Nit: I think you wanted the comma after "them".

> if a VM has more guest pages that can be represented by a u32. As a
> result of this overflow, KVM can use a low limit on the number of MMU
> pages it will allocate. This makes KVM unable to map all of guest memory
> at once, prompting spurious faults.
> 
> Tested: Ran all kvm-unit-tests on an Intel Haswell machine.

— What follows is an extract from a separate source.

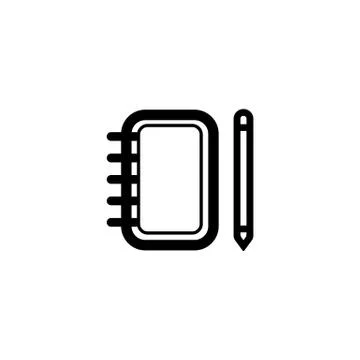 Notebook pencil icon line. Vector on isolated white background. Eps 10. 스톡 일러스트
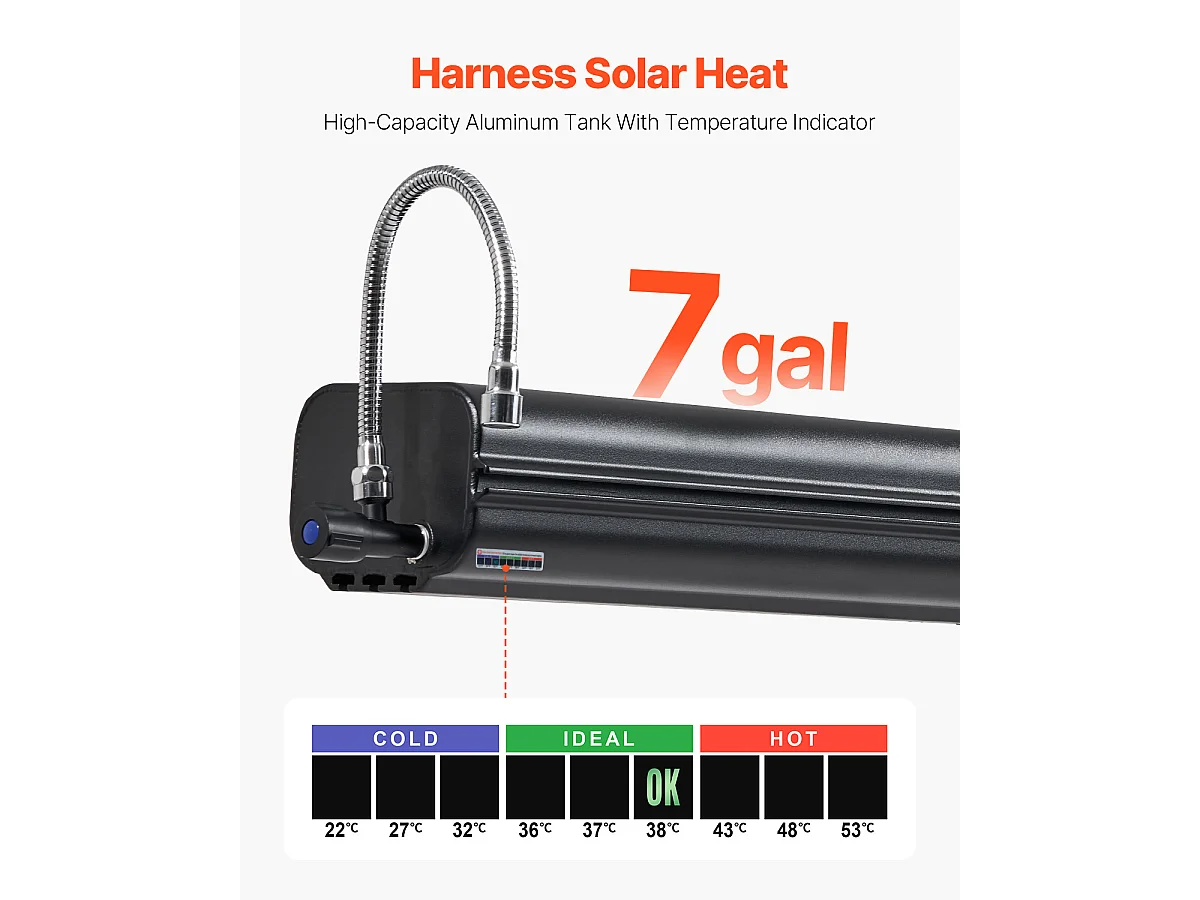 Réservoir d'eau de Toit SucceBuy de 26.5L, Réservoir en Aluminium Haute Capacité avec Port de Pressurisation, 2 Panneaux Anti-Éclaboussures et Fente en T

This patch
> 	introduced no new failures.
> 
> Signed-off-by: Ben Gardon <bgardon@xxxxxxxxxx>
> ---
>  arch/x86/include/asm/kvm_host.h | 12 ++++++------
>  arch/x86/kvm/mmu.c              | 13 ++++++-------
>  arch/x86/kvm/mmu.h              |  2 +-
>  arch/x86/kvm/x86.c              |  4 ++--
>  4 files changed, 15 insertions(+), 16 deletions(-)
> 
> diff --git a/arch/x86/include/asm/kvm_host.h b/arch/x86/include/asm/kvm_host.h
> index 159b5988292f3..9b7b731a00321 100644
> --- a/arch/x86/include/asm/kvm_host.h
> +++ b/arch/x86/include/asm/kvm_host.h
> @@ -126,7 +126,7 @@ static inline gfn_t gfn_to_index(gfn_t gfn, gfn_t base_gfn, int level)
>  }
>  
>  #define KVM_PERMILLE_MMU_PAGES 20
> -#define KVM_MIN_ALLOC_MMU_PAGES 64
> +#define KVM_MIN_ALLOC_MMU_PAGES 64UL
>  #define KVM_MMU_HASH_SHIFT 12
>  #define KVM_NUM_MMU_PAGES (1 << KVM_MMU_HASH_SHIFT)
>  #define KVM_MIN_FREE_MMU_PAGES 5
> @@ -844,9 +844,9 @@ enum kvm_irqchip_mode {
>  };
>  
>  struct kvm_arch {
> -	unsigned int n_used_mmu_pages;
> -	unsigned int n_requested_mmu_pages;
> -	unsigned int n_max_mmu_pages;
> +	unsigned long n_used_mmu_pages;
> +	unsigned long n_requested_mmu_pages;
> +	unsigned long n_max_mmu_pages;
>  	unsigned int indirect_shadow_pages;

It probably makes sense to change 'indirect_shadow_pages' as well.  I
haven't done the math to know whether or not it can actually overflow,
but 4 bytes per VM seems cheap compared to a bug that causes KVM to think
it doesn't have any shadow pages.  Note, there's also a local variable
in reexecute_instruction() that snapshots 'indirect_shadow_pages'.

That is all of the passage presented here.